/TikTokCommentScraper

web scraping tiktok comments

Primary LanguagePythonMIT LicenseMIT

Functionality

This comment scraper/extractor manages to get all the comments from virtually any TikTok post. This can be useful for giveaways, votes or other bigger community interactions.

Installation

Contrary to convention, this repo does contain the virtual environment it's running on (Windows, for Linux see below), so it's instantly usable also for people how don't want to first install python and requirements. The python environment is heavily stripped down (~7MB). Installation is as easy as:

git clone https://github.com/cubernetes/TikTokCommentScraper

Alternatively, download the zip directly if you don't have git installed:

curl -L -o "TikTokCmtScraper.zip" https://github.com/cubernetes/TikTokCommentScraper/archive/refs/heads/main.zip

If you're running Windows 7 and therefore don't even have curl installed, just download the zip directly from this repo and extract it.

Requirements

Python requirements would be (if you don't want to use the venv or if you aren't using Windows):

pyperclip

openpyxl

Usage

TL;DR

  • open your favorite chromium (e. g.
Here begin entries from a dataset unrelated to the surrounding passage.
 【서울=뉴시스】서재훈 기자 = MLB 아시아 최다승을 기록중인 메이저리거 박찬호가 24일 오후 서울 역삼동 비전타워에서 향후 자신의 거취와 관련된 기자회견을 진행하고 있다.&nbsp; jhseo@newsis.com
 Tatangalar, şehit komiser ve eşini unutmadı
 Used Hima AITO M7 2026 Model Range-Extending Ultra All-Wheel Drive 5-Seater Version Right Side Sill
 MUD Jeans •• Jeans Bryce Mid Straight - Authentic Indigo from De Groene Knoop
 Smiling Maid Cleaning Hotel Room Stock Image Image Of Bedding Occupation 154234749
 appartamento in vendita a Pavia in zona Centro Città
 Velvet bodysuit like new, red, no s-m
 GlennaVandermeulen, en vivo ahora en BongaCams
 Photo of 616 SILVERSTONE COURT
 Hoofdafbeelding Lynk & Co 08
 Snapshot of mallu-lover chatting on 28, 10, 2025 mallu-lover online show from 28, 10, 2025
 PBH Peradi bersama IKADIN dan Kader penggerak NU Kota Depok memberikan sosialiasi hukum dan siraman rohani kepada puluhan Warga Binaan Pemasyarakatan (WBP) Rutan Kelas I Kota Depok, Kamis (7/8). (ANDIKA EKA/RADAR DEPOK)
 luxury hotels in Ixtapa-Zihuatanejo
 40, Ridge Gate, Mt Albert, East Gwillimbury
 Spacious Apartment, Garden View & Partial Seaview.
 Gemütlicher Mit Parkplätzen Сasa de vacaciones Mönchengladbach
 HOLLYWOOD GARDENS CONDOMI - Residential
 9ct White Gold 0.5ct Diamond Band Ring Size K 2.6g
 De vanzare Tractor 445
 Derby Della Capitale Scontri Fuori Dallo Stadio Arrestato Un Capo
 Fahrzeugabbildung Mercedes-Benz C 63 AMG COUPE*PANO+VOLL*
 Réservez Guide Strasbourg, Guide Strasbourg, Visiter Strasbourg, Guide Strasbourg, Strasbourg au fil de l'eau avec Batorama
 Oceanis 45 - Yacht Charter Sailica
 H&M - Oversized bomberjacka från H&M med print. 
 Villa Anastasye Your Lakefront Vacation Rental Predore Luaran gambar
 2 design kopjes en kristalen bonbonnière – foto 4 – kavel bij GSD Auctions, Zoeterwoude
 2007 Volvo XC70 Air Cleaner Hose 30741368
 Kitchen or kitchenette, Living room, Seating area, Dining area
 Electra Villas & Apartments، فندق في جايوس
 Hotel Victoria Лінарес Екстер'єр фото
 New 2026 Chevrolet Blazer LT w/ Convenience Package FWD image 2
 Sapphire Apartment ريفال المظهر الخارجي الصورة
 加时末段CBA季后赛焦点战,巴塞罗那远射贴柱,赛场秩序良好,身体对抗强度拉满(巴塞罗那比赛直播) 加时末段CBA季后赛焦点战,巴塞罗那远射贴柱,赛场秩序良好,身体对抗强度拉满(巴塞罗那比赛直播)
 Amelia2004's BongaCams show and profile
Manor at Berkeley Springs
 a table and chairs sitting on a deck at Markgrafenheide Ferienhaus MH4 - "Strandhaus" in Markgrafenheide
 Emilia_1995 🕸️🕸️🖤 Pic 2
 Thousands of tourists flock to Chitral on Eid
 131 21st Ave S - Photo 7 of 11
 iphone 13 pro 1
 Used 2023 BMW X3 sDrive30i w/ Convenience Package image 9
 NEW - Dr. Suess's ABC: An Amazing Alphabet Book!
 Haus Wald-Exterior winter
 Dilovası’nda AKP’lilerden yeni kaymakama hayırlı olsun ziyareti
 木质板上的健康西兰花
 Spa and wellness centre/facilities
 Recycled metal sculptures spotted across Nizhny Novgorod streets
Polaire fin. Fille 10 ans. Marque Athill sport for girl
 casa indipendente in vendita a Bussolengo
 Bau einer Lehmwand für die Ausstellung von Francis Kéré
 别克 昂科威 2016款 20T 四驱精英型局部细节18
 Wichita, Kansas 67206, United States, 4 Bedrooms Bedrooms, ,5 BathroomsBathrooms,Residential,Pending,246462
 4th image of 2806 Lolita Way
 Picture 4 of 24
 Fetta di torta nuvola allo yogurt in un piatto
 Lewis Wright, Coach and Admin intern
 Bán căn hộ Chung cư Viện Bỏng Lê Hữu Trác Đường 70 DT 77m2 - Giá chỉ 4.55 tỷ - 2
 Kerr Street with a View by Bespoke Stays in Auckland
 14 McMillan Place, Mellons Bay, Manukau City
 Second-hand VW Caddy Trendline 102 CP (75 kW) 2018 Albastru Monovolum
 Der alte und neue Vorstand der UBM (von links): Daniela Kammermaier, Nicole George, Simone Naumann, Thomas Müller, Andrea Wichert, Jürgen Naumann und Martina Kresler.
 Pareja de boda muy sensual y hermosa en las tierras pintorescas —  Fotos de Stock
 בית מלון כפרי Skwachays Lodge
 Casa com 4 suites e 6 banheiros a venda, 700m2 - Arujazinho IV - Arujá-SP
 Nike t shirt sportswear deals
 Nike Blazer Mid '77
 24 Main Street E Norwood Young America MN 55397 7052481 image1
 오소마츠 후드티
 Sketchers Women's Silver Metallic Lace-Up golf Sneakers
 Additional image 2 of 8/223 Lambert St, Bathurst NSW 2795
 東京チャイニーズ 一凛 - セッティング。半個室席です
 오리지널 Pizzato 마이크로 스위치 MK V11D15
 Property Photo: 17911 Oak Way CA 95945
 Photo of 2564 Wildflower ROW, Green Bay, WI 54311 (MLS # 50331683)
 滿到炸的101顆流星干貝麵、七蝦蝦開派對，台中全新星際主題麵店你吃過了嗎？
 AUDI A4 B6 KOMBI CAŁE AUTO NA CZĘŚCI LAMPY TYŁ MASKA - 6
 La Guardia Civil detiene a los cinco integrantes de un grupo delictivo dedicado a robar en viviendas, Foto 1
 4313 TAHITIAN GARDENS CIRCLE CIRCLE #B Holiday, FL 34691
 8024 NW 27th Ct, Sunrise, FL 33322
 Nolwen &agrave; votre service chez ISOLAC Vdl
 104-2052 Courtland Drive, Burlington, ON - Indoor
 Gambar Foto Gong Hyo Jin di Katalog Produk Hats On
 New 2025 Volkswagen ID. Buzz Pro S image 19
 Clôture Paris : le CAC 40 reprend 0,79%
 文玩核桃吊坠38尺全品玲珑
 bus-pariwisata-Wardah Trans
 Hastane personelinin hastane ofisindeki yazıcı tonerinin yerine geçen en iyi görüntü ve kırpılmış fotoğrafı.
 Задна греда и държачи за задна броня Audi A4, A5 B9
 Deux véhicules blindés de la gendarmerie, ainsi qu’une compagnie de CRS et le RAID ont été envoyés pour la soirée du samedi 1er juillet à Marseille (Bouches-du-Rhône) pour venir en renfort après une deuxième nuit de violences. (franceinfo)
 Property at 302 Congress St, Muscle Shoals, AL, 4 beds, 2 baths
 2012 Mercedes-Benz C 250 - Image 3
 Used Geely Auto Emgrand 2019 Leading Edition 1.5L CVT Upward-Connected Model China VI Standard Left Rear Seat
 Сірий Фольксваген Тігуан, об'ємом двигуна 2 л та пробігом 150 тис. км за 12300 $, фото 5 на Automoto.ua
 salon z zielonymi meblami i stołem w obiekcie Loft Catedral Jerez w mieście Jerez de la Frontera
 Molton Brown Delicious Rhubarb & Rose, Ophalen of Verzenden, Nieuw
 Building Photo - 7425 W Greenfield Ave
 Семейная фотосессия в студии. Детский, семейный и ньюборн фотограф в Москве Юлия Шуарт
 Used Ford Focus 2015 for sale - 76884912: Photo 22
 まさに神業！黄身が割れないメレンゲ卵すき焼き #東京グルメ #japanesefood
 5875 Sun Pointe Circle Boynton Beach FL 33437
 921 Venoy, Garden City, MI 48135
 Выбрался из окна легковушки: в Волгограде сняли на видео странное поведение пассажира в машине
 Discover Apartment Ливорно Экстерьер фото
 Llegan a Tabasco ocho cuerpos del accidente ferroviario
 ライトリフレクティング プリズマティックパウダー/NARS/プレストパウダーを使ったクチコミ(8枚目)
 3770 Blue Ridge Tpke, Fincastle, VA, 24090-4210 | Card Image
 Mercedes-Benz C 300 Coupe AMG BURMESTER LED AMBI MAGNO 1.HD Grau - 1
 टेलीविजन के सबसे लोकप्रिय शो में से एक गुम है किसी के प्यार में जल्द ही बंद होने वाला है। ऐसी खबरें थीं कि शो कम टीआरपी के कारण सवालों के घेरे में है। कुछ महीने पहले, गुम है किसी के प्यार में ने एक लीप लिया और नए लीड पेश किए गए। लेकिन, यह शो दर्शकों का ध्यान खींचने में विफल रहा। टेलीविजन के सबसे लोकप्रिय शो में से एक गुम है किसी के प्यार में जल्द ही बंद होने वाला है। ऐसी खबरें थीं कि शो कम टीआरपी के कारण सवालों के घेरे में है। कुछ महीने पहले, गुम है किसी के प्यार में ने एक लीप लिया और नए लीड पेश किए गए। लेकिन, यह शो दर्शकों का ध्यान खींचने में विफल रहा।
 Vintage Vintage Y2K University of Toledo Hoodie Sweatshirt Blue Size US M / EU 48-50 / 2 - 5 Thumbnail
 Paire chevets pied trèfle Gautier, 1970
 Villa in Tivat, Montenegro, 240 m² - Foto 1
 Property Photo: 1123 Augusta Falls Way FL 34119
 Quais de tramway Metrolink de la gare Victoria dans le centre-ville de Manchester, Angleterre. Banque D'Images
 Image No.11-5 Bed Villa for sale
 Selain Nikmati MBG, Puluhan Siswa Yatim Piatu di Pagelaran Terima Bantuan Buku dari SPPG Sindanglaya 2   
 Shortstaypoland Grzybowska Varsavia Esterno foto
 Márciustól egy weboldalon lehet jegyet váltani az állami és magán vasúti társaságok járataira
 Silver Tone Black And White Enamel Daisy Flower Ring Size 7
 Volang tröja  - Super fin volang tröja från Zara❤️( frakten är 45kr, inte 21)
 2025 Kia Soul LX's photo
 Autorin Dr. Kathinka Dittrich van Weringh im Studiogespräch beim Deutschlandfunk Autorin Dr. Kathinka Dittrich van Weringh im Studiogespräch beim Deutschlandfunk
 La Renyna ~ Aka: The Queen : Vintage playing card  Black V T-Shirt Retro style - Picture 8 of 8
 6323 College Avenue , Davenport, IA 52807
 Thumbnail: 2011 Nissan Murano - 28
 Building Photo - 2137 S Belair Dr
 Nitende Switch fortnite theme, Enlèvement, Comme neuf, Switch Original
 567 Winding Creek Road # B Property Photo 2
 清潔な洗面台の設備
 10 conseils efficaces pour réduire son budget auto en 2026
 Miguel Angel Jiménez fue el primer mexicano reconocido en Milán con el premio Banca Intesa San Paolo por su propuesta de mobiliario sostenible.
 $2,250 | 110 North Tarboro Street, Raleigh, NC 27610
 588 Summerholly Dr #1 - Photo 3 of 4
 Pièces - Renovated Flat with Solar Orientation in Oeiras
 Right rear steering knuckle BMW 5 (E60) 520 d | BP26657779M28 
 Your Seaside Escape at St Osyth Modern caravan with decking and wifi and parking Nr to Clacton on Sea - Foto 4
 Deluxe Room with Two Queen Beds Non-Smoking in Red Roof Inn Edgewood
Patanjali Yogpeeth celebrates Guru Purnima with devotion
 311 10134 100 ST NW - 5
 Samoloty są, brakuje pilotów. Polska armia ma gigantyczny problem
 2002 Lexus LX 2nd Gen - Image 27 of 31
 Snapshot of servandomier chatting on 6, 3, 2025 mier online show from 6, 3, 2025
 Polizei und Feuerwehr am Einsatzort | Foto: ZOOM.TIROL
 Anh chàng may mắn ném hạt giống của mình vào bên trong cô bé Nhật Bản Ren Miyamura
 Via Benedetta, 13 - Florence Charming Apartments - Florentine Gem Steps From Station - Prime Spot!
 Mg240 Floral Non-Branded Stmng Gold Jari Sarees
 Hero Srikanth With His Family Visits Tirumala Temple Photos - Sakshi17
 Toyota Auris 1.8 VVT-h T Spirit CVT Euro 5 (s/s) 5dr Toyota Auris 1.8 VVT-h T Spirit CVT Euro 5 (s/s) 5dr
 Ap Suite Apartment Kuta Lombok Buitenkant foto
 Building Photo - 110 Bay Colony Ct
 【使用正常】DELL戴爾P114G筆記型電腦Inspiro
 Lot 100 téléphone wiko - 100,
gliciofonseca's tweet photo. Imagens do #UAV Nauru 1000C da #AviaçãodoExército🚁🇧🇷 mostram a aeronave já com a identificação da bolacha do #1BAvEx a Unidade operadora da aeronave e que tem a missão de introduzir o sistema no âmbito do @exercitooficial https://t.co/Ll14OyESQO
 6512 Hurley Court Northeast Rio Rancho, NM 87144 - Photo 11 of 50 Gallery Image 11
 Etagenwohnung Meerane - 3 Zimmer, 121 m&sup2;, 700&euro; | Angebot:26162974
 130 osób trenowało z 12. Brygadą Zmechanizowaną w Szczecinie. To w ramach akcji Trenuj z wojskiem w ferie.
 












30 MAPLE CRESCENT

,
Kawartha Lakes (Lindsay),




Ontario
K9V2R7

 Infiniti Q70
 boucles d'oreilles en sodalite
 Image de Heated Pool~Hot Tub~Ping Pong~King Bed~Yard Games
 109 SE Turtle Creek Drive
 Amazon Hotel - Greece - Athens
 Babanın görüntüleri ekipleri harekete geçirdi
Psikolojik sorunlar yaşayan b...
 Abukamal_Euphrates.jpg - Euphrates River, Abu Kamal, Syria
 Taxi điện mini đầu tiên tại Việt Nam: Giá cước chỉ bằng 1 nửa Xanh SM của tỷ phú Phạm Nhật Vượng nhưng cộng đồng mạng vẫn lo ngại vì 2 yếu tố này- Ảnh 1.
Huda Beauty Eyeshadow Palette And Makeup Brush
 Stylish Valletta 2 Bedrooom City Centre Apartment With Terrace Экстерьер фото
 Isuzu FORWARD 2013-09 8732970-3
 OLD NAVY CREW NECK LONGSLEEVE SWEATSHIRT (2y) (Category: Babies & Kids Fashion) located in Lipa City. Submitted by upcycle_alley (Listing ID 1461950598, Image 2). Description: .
Chrome, Brave, Chromium) based browser
  • go to the TikTok post you want to scrape the comments from (make sure you can already scroll the comments manually)
  • press F12 (goto developer console) or CTRL+SHIFT+J (should open the console directly)
  • open Windows file explorer in root of this project folder (where the .cmd files are)
  • double click 'Copy JavaScript for Developer Console.cmd'
    • if you're not using Windows, just run the src/CopyJavascript.py file manually with python (see requirements)
  • go back to developer console; paste the javascript; run it
  • wait until it says 'CSV copied to clipboard!'
  • go back to file explorer; double click 'Extract Comments from Clipboard.cmd'
    • if you're not using Windows, just run the src/ScrapeTikTokComments.py file manually with python (see requirements)
  • voilá, the file 'Comments_.xlsx' will now contain all the comments and additional information

You can also watch this video: https://youtu.be/FsQEm2zalWA or if you don't have time: https://youtu.be/lYZw75k7QVc

In Detail

This comment scraper uses the chrome developer console (chromium based browser recommended/maybe needed), JavaScript and Python. The JavaScript (which is documentated and located in 'src\ScrapeTikTokComments.js') is copied to the clipboard when the '.\Copy JavaScript for Developer Console.cmd' file is run (you can also copy manually or run src/CopyJavascript.py). With the TikTok post open (so you can see and scroll the comments), open the developer console with F12, CTRL+SHIFT+I/J, CTRL+SHIFT+C or somehow through the settings. In the interactive console tab, paste the JavaScript and execute it. To be sure the JavaScript hasn't been tampered, you should maybe look through it once more before you run it to look out for anything malicious. The original file doesn't make any requests; the clipboard action is the only security critical task. NEVER mindlessly paste anything into the developer console (copying foreign code to the console is considered a big security risk)!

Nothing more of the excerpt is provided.